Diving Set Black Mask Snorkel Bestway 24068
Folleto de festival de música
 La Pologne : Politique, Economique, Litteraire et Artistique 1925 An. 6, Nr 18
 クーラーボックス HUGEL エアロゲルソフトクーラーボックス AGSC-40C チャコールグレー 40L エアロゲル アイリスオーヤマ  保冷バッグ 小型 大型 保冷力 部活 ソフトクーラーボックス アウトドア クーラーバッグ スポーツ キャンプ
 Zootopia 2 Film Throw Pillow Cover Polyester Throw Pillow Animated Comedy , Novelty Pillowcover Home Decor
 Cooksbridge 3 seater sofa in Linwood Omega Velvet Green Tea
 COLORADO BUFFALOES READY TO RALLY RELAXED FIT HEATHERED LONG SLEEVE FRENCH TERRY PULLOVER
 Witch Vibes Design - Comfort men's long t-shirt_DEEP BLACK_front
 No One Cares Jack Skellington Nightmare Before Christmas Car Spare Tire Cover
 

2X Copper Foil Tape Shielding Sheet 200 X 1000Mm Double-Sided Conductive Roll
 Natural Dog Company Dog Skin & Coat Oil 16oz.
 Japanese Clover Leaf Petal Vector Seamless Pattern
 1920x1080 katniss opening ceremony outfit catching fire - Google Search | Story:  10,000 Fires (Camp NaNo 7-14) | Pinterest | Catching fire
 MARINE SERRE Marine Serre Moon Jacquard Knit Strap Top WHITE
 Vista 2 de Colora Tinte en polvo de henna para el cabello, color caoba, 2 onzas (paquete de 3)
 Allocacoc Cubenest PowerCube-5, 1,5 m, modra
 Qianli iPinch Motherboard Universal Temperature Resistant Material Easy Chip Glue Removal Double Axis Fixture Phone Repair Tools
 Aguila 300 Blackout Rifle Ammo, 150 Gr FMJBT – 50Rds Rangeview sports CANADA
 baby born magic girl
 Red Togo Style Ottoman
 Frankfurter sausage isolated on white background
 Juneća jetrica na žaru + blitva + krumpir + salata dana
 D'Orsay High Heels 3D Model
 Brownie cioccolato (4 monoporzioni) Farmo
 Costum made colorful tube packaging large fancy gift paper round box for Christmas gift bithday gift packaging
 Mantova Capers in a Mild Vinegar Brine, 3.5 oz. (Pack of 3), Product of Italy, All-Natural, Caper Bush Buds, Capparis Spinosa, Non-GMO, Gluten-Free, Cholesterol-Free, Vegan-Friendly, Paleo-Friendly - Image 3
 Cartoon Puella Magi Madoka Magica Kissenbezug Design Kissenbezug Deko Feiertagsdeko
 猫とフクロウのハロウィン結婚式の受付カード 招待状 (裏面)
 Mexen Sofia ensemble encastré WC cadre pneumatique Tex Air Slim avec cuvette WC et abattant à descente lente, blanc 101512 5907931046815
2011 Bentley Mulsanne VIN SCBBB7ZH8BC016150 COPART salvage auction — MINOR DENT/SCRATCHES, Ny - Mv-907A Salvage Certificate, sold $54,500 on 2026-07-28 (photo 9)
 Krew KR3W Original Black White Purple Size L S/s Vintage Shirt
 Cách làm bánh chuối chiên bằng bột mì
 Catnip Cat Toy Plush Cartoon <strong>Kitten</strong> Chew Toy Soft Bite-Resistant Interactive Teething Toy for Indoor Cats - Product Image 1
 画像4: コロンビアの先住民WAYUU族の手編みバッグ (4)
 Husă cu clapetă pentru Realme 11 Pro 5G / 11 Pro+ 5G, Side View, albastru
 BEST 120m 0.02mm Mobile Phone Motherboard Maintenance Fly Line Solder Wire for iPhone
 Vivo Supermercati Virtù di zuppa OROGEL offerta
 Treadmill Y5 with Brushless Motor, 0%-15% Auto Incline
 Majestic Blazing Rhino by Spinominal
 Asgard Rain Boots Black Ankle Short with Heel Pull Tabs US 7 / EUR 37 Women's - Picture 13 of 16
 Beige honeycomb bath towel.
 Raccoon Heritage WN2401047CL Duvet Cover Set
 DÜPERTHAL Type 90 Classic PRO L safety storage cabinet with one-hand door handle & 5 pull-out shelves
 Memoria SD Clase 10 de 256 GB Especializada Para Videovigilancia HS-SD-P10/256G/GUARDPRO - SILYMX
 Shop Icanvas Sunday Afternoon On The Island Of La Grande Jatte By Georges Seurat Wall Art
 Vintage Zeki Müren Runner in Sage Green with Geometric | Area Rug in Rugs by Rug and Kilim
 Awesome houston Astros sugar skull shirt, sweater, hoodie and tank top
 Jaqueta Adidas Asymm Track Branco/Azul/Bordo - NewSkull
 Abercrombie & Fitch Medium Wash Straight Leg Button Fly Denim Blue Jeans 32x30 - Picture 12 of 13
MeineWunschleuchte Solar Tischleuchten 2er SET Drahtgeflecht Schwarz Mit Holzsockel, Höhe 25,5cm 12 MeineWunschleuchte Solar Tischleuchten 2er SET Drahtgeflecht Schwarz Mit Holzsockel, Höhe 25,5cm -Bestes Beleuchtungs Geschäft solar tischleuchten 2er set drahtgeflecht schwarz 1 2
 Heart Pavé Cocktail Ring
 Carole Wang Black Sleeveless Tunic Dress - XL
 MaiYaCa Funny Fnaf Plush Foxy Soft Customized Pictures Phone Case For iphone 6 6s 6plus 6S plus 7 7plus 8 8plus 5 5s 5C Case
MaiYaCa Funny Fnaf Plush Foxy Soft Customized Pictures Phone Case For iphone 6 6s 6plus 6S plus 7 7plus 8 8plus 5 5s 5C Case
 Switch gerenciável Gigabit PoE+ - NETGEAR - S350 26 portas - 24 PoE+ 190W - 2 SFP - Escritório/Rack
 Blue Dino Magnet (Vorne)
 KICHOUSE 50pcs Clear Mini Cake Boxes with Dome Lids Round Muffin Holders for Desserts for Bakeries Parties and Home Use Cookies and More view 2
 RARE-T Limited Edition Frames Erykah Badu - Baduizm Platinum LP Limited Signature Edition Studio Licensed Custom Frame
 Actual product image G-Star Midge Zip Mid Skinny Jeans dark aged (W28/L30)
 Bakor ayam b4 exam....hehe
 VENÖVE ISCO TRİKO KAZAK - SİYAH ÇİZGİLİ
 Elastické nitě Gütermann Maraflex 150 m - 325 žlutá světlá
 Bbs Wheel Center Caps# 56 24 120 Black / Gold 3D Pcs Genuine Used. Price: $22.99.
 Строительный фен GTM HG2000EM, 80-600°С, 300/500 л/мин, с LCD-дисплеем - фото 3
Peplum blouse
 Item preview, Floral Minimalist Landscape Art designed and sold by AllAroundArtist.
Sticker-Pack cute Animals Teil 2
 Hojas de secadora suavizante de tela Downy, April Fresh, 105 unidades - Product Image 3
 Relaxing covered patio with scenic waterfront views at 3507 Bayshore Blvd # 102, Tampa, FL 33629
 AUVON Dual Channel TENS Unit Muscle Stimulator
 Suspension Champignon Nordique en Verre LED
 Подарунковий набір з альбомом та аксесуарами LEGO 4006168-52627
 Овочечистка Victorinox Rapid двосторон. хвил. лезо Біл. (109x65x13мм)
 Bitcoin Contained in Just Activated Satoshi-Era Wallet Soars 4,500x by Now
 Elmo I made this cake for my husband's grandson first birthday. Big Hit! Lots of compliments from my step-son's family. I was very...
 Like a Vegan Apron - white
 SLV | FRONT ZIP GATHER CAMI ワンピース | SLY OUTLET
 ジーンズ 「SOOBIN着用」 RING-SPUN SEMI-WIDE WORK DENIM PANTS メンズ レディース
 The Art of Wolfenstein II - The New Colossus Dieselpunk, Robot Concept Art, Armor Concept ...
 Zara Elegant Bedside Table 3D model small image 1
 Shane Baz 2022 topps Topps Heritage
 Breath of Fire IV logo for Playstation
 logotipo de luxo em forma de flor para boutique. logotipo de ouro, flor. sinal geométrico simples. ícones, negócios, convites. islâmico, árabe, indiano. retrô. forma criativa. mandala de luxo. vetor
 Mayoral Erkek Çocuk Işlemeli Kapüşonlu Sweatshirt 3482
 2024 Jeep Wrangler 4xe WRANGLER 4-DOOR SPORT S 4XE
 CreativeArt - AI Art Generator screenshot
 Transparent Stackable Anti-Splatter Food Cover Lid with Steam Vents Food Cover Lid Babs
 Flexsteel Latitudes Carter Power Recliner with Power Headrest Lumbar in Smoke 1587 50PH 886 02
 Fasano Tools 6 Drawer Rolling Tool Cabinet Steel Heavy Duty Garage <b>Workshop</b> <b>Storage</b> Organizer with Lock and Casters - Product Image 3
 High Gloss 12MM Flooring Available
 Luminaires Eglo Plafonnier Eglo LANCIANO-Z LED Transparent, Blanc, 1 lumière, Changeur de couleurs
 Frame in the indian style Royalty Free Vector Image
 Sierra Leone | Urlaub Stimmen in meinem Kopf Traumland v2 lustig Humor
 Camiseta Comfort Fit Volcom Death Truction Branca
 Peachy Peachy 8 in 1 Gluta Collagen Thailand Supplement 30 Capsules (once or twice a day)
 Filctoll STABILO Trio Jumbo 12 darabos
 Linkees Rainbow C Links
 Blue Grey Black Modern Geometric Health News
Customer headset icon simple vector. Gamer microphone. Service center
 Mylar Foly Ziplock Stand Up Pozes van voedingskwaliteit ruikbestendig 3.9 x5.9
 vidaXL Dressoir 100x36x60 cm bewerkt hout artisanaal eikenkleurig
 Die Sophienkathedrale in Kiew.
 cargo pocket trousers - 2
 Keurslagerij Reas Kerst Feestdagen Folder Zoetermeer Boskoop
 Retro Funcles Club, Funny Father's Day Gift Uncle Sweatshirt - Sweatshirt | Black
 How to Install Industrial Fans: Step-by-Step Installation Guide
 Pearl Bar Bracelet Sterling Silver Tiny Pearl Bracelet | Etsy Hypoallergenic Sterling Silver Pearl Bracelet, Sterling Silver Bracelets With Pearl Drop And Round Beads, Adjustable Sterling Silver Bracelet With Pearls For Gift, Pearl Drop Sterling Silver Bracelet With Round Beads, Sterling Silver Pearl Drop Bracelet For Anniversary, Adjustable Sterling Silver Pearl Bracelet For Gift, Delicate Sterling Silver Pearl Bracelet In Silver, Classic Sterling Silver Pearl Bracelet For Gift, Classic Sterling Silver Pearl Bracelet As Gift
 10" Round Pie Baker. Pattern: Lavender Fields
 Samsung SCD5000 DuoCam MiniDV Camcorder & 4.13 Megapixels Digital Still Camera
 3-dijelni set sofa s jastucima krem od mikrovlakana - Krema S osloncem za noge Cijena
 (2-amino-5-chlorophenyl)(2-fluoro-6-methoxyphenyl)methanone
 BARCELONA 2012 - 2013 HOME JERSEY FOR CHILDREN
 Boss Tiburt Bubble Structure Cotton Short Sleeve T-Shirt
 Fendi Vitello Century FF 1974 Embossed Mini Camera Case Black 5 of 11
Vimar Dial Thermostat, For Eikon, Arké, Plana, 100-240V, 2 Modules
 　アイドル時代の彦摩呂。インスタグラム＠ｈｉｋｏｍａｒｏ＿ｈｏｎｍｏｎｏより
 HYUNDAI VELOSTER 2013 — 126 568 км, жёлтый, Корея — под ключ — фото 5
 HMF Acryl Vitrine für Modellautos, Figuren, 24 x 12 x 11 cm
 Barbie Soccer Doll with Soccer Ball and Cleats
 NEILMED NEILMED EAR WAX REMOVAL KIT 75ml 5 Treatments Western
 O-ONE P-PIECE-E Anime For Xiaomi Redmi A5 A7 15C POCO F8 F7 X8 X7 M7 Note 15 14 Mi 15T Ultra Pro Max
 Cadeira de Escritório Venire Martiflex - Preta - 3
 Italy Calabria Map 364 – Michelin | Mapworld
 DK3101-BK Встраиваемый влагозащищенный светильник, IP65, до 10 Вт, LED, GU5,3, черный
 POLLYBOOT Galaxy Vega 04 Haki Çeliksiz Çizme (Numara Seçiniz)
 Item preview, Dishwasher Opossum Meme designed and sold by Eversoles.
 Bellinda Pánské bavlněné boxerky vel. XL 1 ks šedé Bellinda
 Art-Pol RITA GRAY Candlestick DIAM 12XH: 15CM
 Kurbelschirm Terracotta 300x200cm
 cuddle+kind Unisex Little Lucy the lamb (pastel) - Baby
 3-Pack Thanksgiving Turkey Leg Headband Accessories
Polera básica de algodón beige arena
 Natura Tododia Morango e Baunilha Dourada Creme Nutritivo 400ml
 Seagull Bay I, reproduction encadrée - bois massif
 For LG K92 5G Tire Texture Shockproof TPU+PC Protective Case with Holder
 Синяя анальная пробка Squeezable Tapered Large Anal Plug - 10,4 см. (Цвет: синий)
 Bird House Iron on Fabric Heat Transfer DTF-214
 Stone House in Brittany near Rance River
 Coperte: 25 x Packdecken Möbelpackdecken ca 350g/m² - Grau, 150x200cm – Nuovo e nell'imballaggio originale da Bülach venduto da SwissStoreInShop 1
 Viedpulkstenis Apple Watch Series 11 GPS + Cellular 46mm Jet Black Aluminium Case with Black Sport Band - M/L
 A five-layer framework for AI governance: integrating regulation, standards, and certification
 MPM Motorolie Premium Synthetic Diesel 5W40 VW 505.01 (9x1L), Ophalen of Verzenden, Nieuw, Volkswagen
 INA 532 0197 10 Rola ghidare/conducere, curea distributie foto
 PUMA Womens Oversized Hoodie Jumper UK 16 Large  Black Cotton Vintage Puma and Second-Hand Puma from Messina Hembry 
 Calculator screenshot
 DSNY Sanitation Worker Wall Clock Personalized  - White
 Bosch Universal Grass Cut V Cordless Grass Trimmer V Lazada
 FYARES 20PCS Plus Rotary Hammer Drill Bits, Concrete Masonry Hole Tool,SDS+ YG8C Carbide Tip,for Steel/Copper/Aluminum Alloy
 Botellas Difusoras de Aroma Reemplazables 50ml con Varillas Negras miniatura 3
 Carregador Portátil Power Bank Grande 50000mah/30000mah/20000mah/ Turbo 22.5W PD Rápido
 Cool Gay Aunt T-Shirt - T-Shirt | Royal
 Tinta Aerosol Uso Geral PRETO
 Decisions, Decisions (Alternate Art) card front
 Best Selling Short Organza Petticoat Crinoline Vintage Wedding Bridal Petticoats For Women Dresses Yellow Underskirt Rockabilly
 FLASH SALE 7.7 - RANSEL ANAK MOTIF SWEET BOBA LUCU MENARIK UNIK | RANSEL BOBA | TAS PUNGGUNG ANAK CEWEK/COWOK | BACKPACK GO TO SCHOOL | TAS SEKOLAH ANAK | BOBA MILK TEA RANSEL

= = =

**Task brief**
Copy out exactly the lines that run from the one holding "Decisions, Decisions (Alternate" through the end of the data above.

**Response below**
 Decisions, Decisions (Alternate Art) card front
 Best Selling Short Organza Petticoat Crinoline Vintage Wedding Bridal Petticoats For Women Dresses Yellow Underskirt Rockabilly
 FLASH SALE 7.7 - RANSEL ANAK MOTIF SWEET BOBA LUCU MENARIK UNIK | RANSEL BOBA | TAS PUNGGUNG ANAK CEWEK/COWOK | BACKPACK GO TO SCHOOL | TAS SEKOLAH ANAK | BOBA MILK TEA RANSEL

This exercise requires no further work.